La Brenntag nell’ottobre 2015 ha presentato un progetto di bonifica. Ma non ha ancora ricevuto l’autorizzazione a realizzarlo. Perché? La bonifica durerebbe, secondo l’Arpa, 330 giorni, quasi un anno intero, e durante i lavori i Mise non sarebbero in grado di funzionare: dunque la falda sarebbe di nuovo inquinata, proprio a ridosso dell’ospedale Galeazzi in costruzione.
“Sulla salute dei cittadini e di migliaia di studenti non si può scherzare”, commenta Dario Violi, M5s, “serve chiarezza assoluta prima di investire in quell’area”. Ai terreni Expo sono stati rilasciati i Cab (certificati di avvenuta bonifica).
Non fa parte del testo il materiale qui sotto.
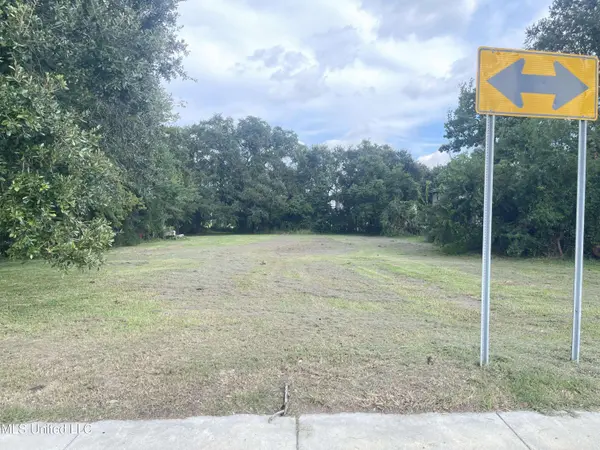 348 Oak Street, Biloxi, MS 39530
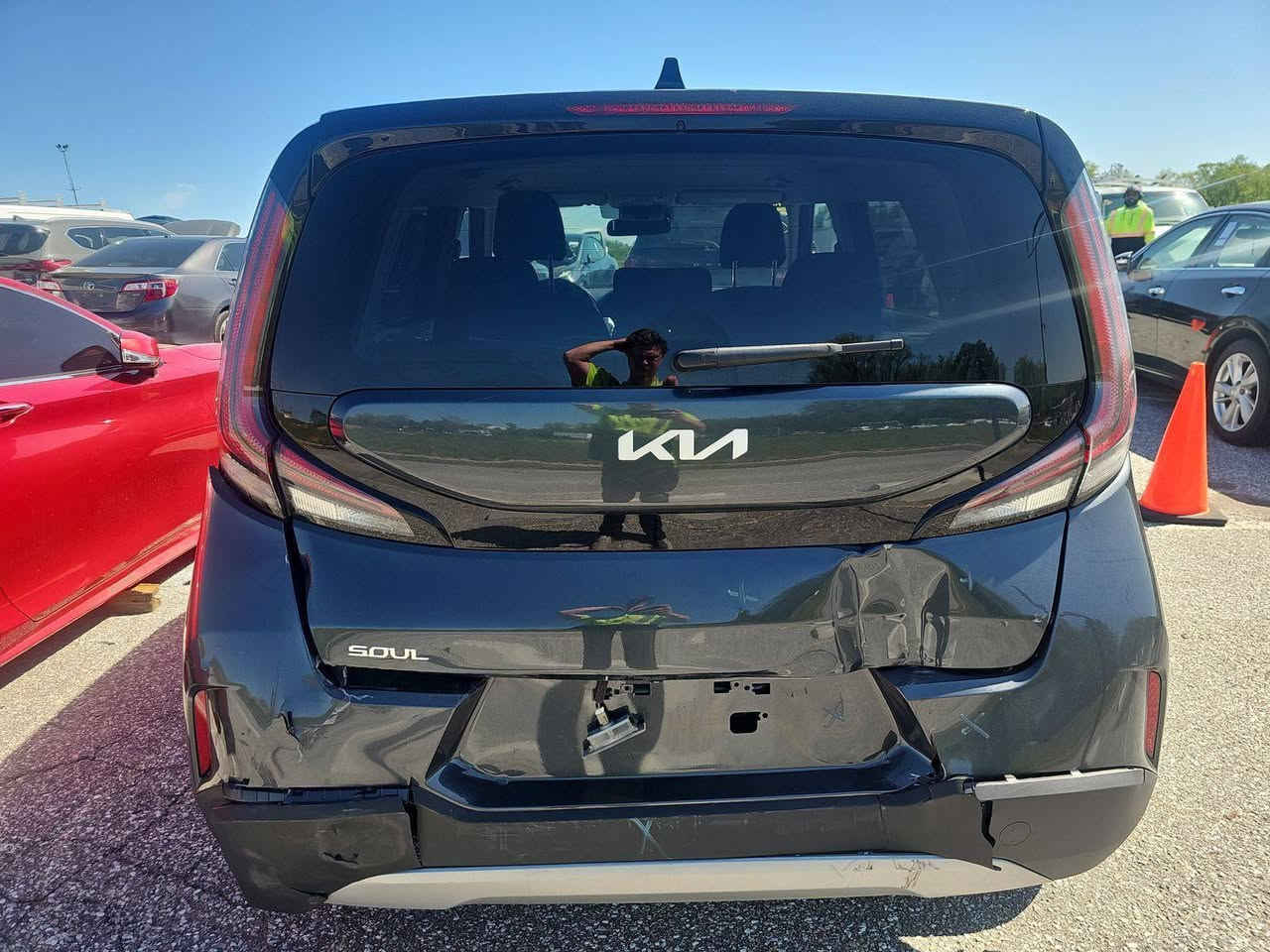 سلام عليكم كيا صول موديل 24 سيارة  حادثها موضح  بالصور تحكم ستيرن حساسات سيارة دخول جديد فحص مؤقت سويج شاشة رادار سرعة السعر 144 وبيها مجال بسيط تواصل فقط على رقم ***********
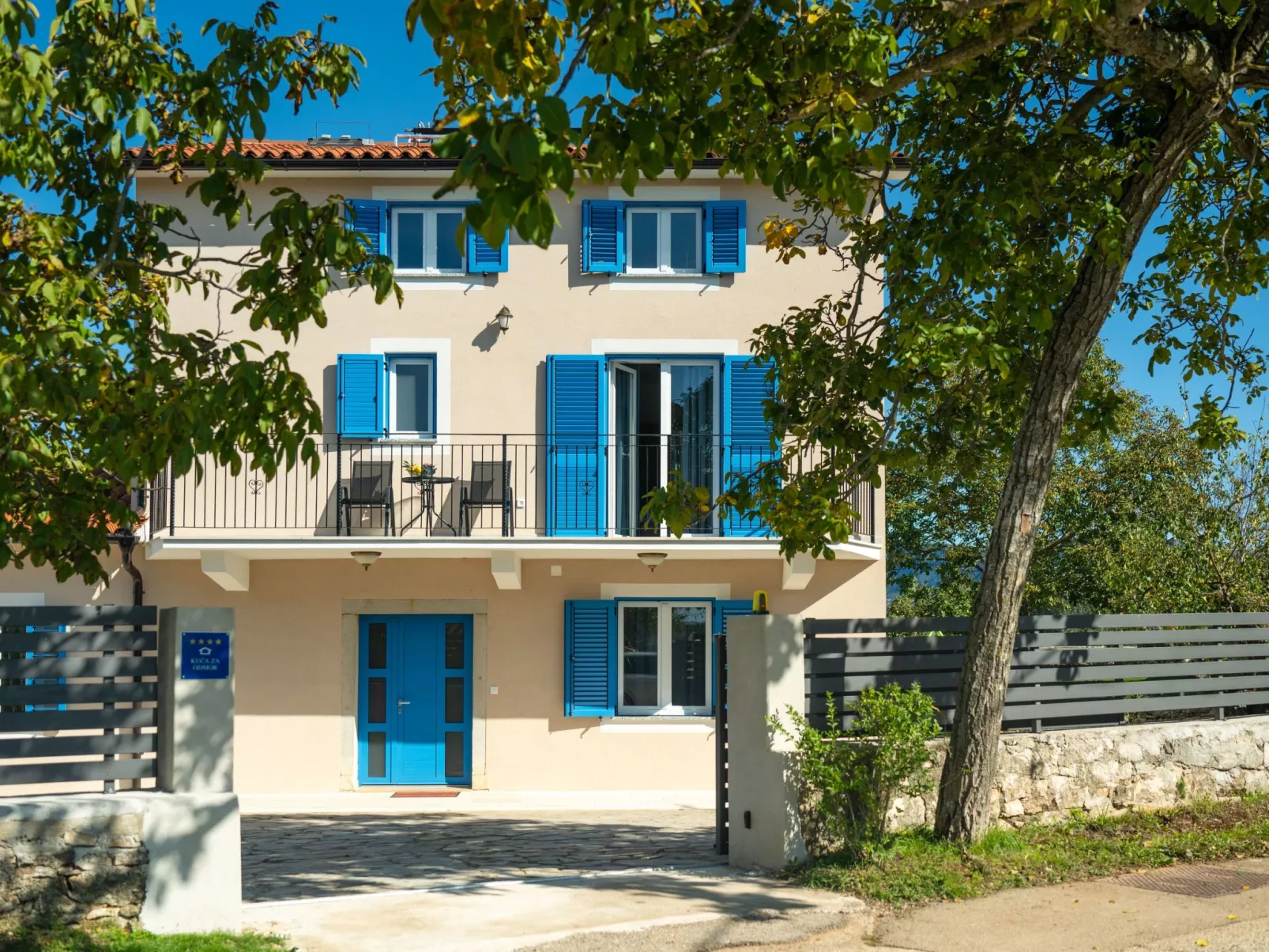 Villa "Francesca" mit Garten, Grill und Pool-Buiten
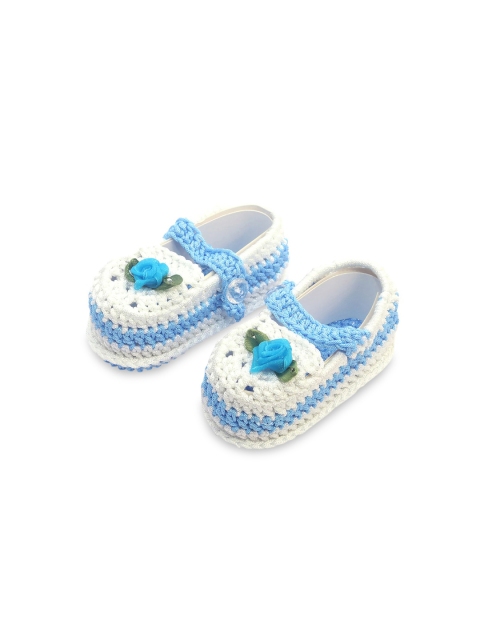 

Spiky Kids White and Blue Knitted Booties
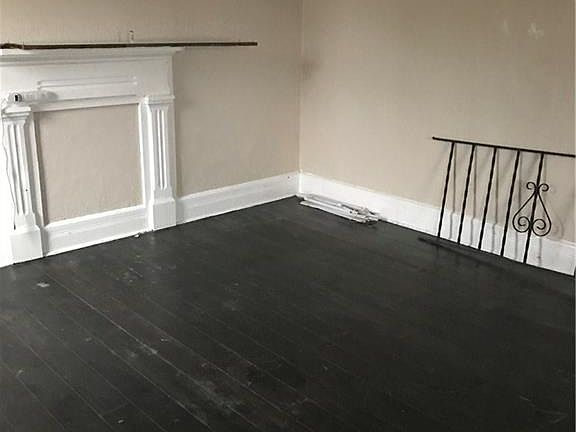3rd image of 2828 E 2nd St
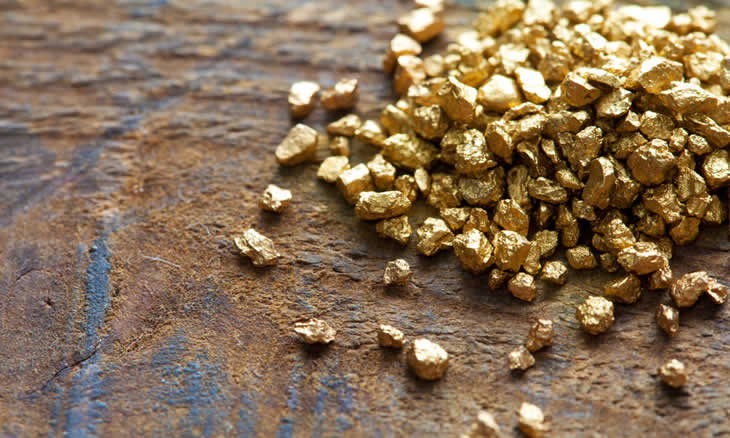 Le laiton doré à l’or fin : la vraie qualité derrière nos  bijoux Lakaz Bizou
Sono “puliti”, ma non definitivamente, secondo il M5s: fino a che non sarà fatta la bonifica a monte, resta il pericolo che la falda riporti a valle i veleni della ex Weiss. Allora i Cab sono stati assegnati in maniera illegittima? Ora la parola passa alla Procura.
Le aziende a rischio. Come se non bastasse, al confine con il futuro campus ci sono due aziende, la Ecoltecnica (gruppo Suez) e la Dipharma (Francis) che sono “a rischio chimico”: dal 2002 svolgono infatti attività di “messa in riserva e deposito preliminare di rifiuti industriali speciali pericolosi”. Hanno infatti un “piano incidenti” in caso “di incendio o di rilascio nell’aria di nube tossica” che prevede, nel raggio di almeno 220 metri (dunque dove dovrebbe sorgere il campus), la chiusura delle finestre, da “sigillare con nastro adesivo”, e delle fessure degli stipiti e della luce tra porte e pavimento, da “tamponare con panni bagnati”. “Vista la vicinanza al sito di aziende Rir (Rischio di Incidente Rilevante)”, dice Navicello, “ci chiediamo se studenti, cittadini, lavoratori e professori siano stati informati dei rischi, prima di decidere se trasferirsi in un’area così pericolosa”.